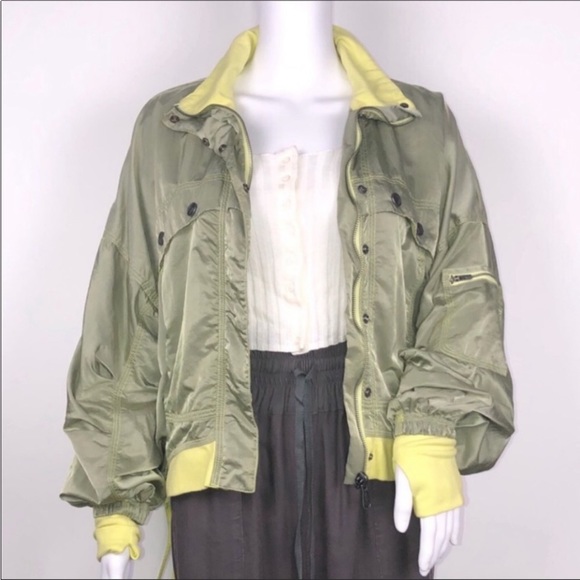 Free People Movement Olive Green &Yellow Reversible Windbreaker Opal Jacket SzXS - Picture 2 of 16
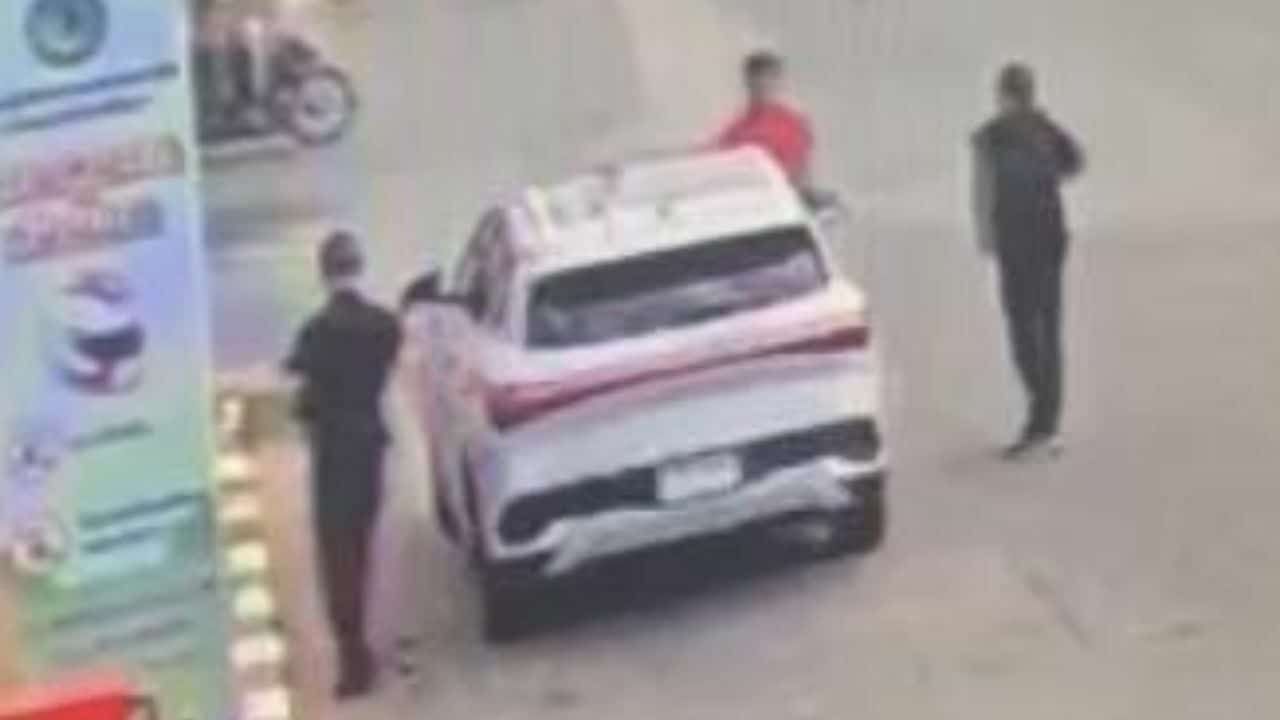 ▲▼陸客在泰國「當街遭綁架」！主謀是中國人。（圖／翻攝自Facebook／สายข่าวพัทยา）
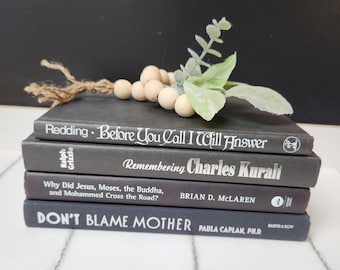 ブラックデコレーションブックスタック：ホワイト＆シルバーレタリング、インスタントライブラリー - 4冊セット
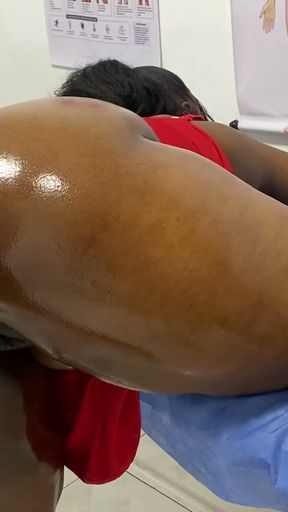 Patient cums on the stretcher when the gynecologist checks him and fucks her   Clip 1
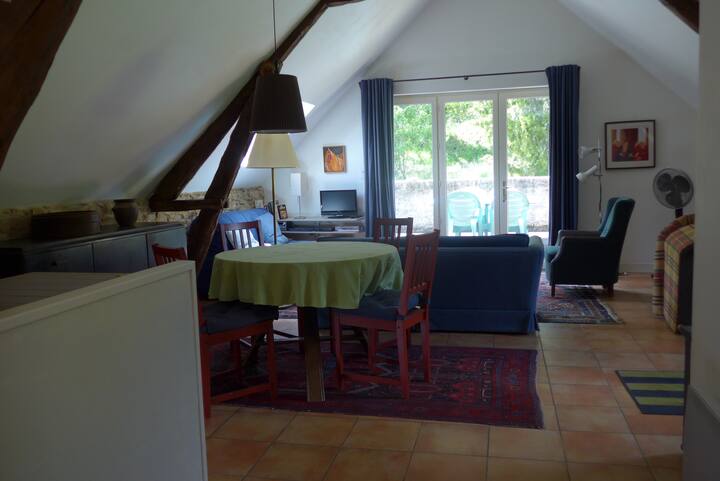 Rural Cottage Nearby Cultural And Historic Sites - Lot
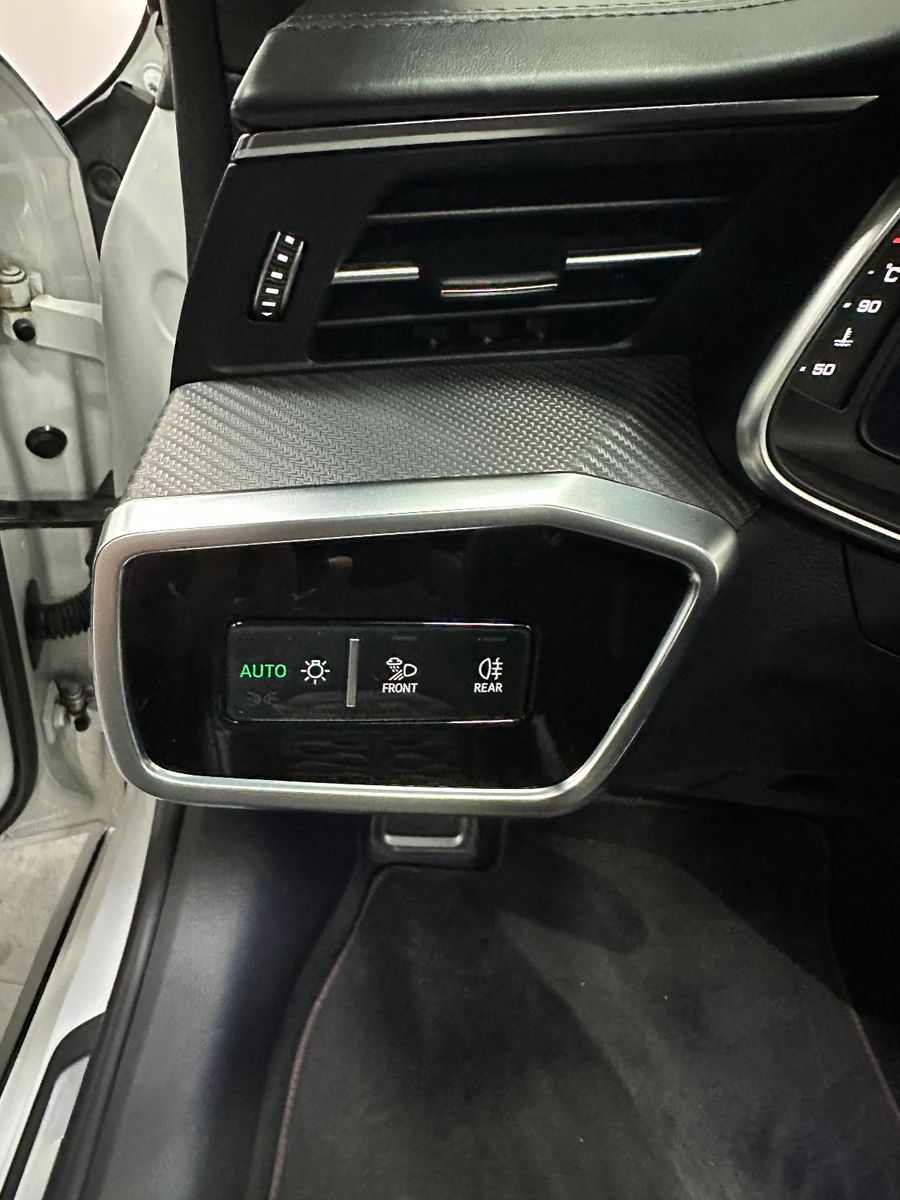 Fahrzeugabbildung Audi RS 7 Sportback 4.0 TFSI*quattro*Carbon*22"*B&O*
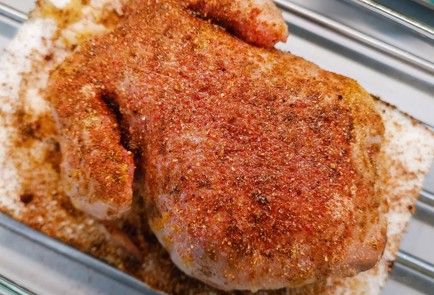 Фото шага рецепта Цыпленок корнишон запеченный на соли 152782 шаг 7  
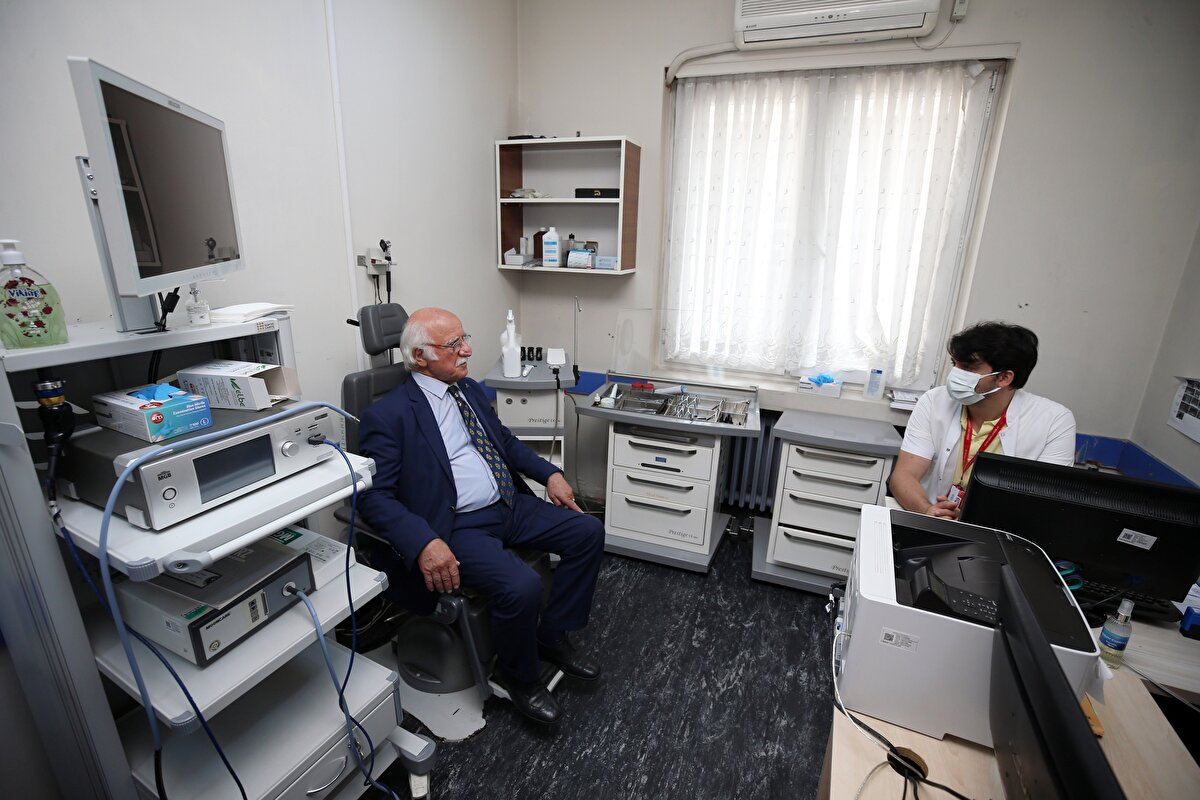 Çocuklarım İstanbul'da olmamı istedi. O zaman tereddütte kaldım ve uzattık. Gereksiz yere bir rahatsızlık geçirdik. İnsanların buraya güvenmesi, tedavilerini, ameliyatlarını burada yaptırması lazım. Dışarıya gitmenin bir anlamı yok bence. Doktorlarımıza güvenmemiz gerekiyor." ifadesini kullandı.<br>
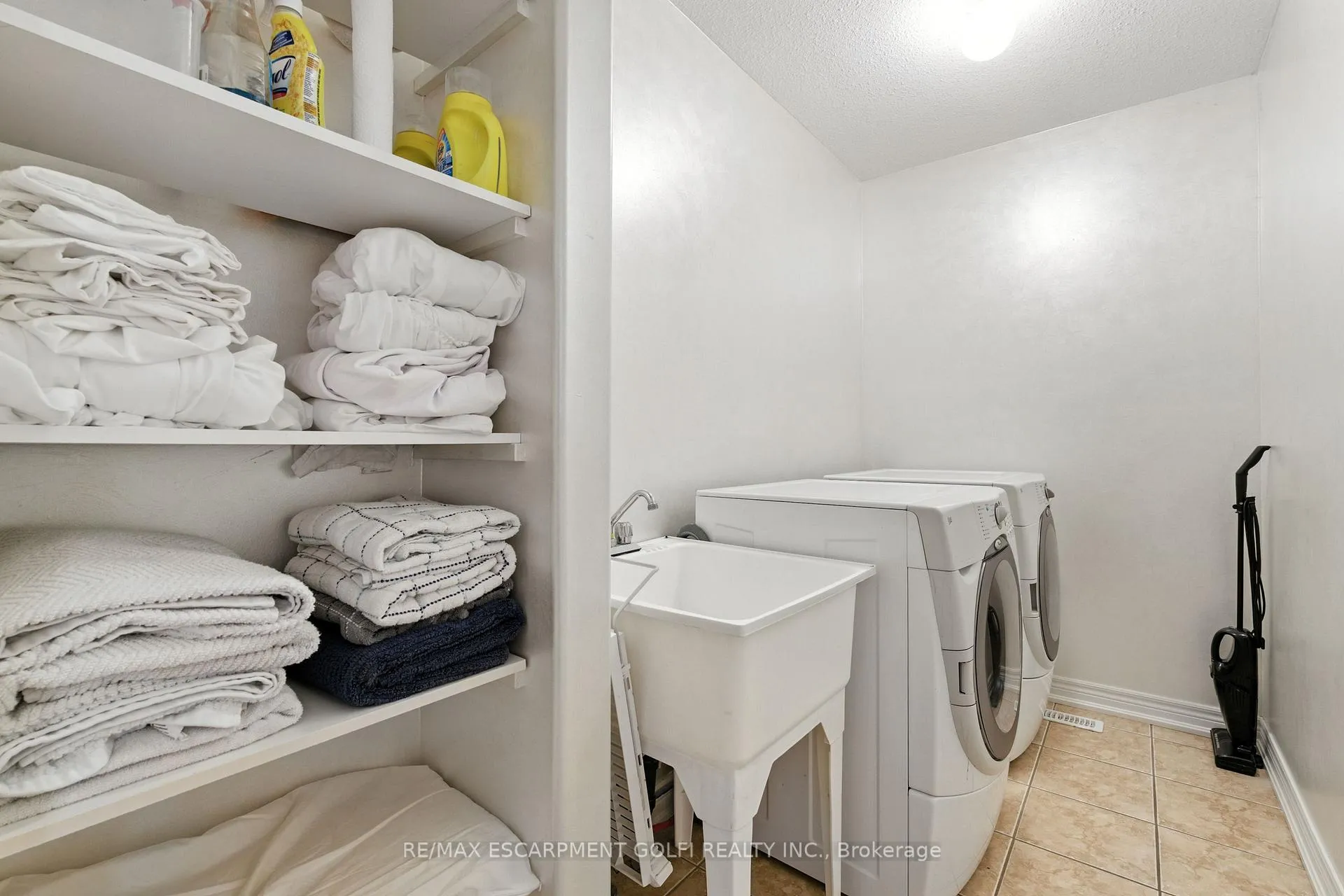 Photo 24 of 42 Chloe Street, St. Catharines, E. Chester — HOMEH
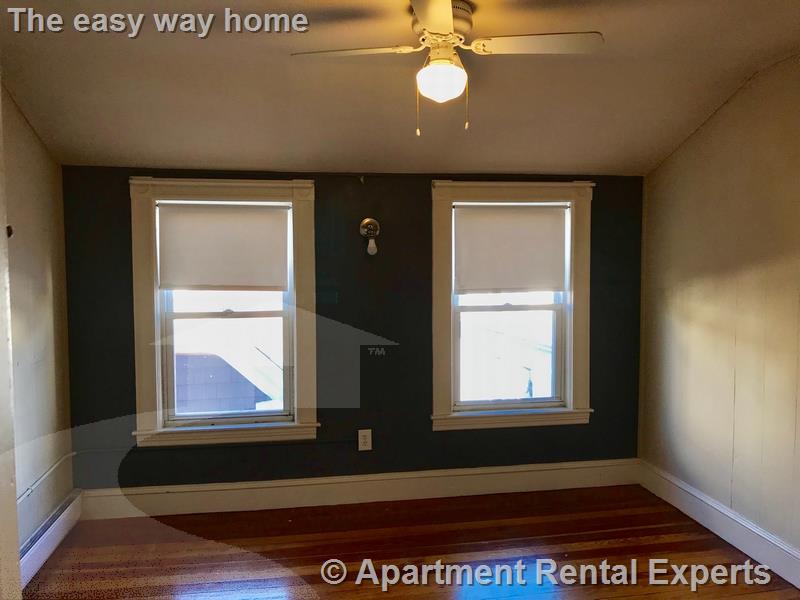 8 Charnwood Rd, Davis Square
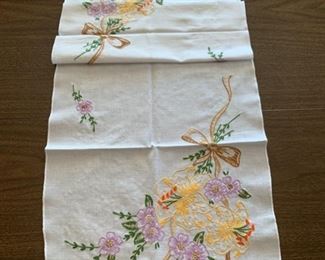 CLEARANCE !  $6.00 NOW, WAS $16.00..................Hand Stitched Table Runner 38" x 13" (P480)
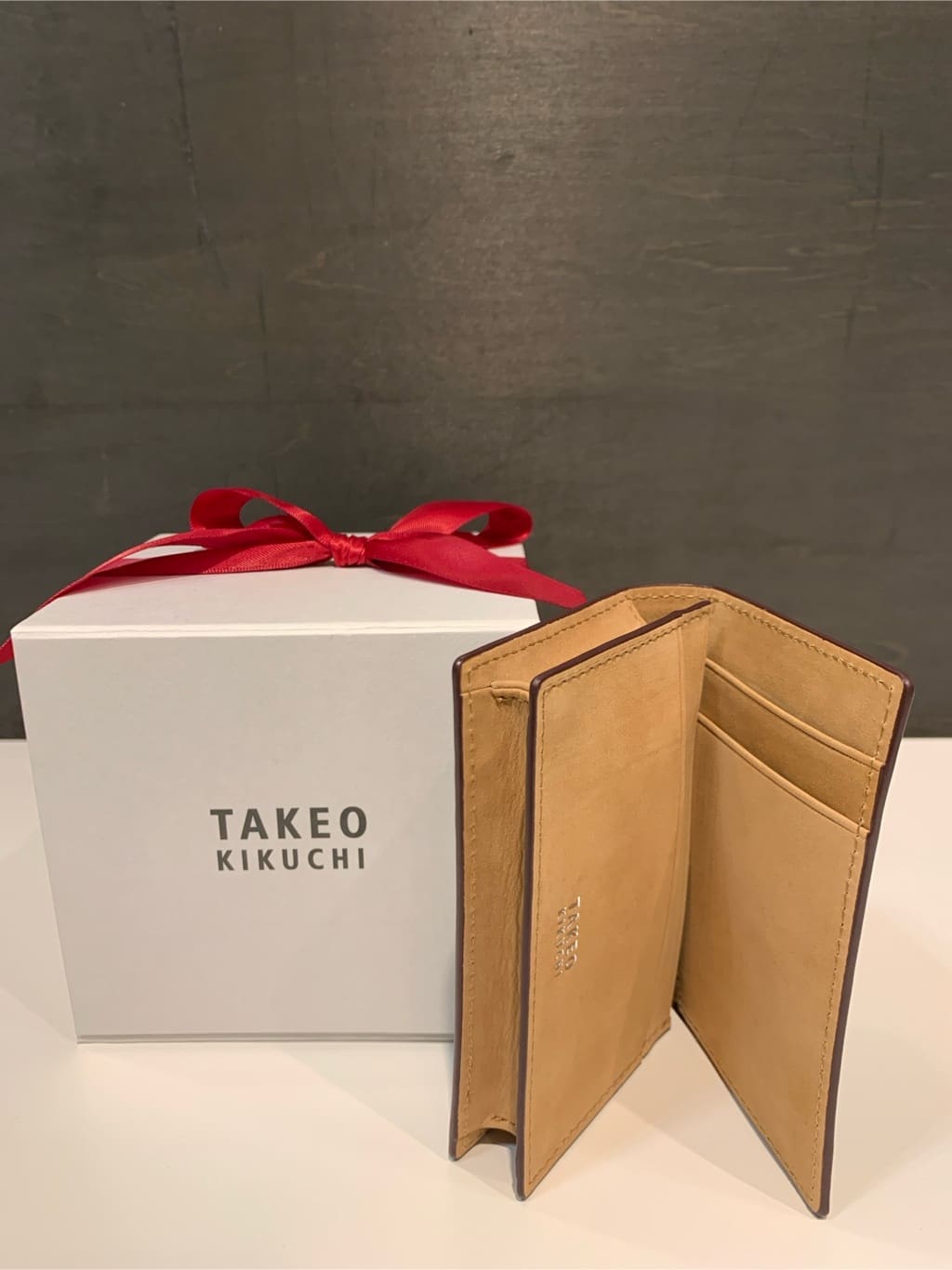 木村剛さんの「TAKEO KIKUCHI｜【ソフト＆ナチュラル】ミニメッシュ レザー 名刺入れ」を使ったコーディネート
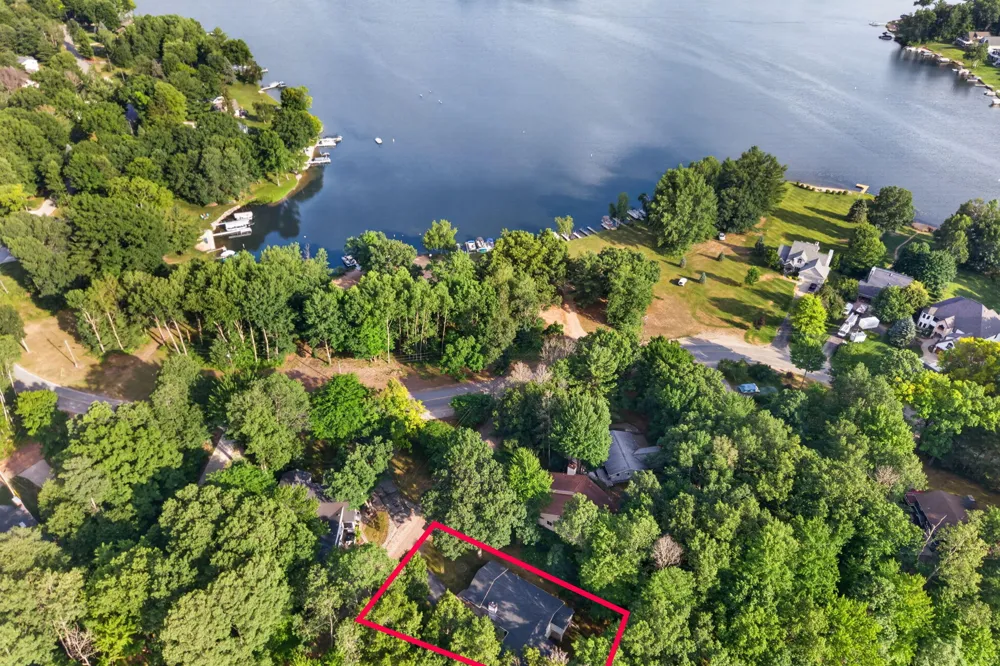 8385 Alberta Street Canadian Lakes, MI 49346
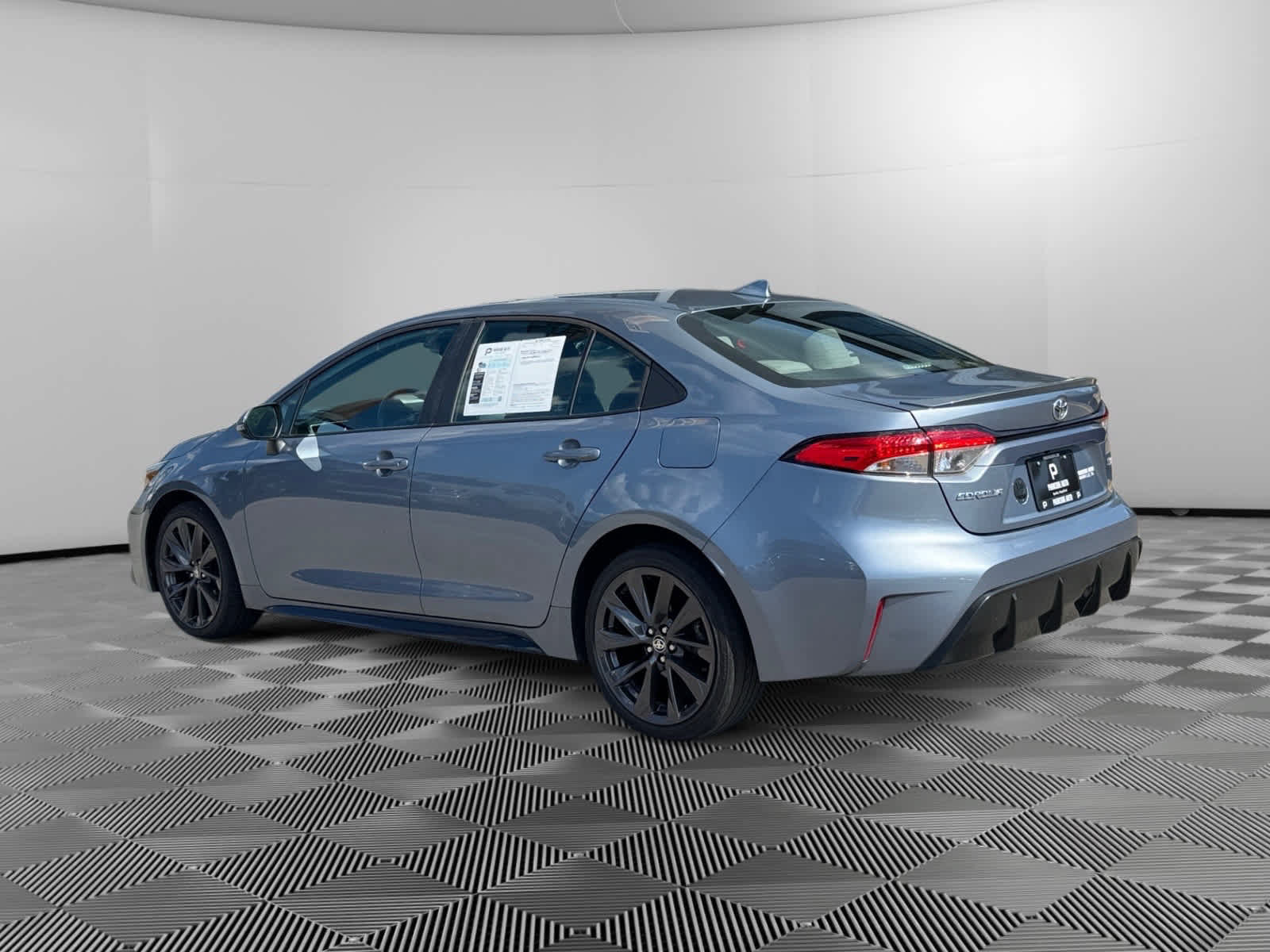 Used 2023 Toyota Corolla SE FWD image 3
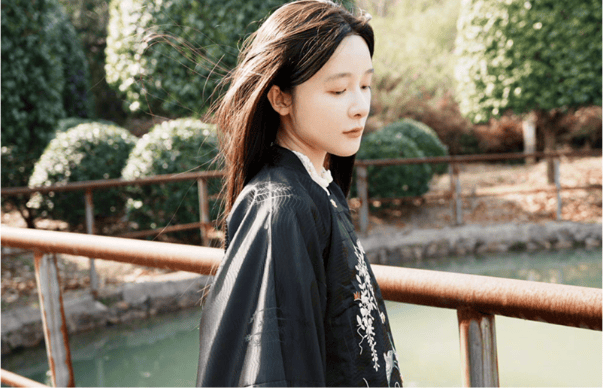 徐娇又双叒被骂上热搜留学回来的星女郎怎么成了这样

========

* REQUIRED WORK
Exclude the pictures from the copy. Retype exactly the lines running from the one containing "8 Charnwood Rd, Davis Square" through the last line of the listing.

* PROBLEM SOLUTION
 8 Charnwood Rd, Davis Square
 CLEARANCE !  $6.00 NOW, WAS $16.00..................Hand Stitched Table Runner 38" x 13" (P480)
 木村剛さんの「TAKEO KIKUCHI｜【ソフト＆ナチュラル】ミニメッシュ レザー 名刺入れ」を使ったコーディネート
 8385 Alberta Street Canadian Lakes, MI 49346
 Used 2023 Toyota Corolla SE FWD image 3
 徐娇又双叒被骂上热搜留学回来的星女郎怎么成了这样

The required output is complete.